Oral Encapsulated GLP-1 Program
The company's oral encapsulated GLP-1 program leverages a delivery system that encapsulates active pharmaceutical ingredients using Generally Regarded as Safe (GRAS) components. This approach targets delivery to specific areas of the gut and into systemic circulation for treating metabolic disorders such as diabetes and obesity.
The global GLP-1R market is projected to reach US$150 billion by 2031 in obesity and diabetes alone. Currently, oral GLP-1R options remain limited, with only one oral GLP-1R agonist on the market with a bioavailability of just approximately 1%.
AI Programs and Additional Opportunities
Poolbeg has also developed artificial intelligence programs targeting respiratory syncytial virus (RSV) and influenza, both representing large market opportunities. These programs integrate proprietary multi-parametric clinical data to identify novel host response targets. Several potential targets and clinical-stage repurposing drug candidates have been identified, with discussions ongoing regarding potential collaborations.

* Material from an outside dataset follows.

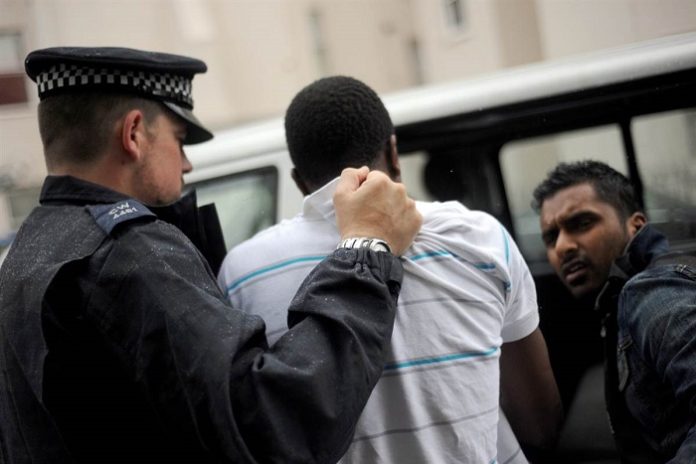 Italie : Un sénégalais ivre agresse et blesse deux policiers Italie : Un sénégalais ivre agresse et blesse deux policiers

Additionally, POLB 001 has potential as a treatment for severe influenza, representing a valuable life cycle opportunity for the drug. It targets the host immune response rather than the virus itself, making it unaffected by viral variance.
Financial Position
The company is debt-free with approximately £6.2 million cash as of March 31, 2025. The net proceeds from the fundraising are expected to extend the cash runway into 2027, through meaningful expected value inflection points.
Poolbeg Pharma remains well-positioned for success, leveraging its proven leadership team's track record and expertise in the pharmaceutical industry as it progresses its high-value pipeline to address critical unmet medical needs for patients and generate shareholder value.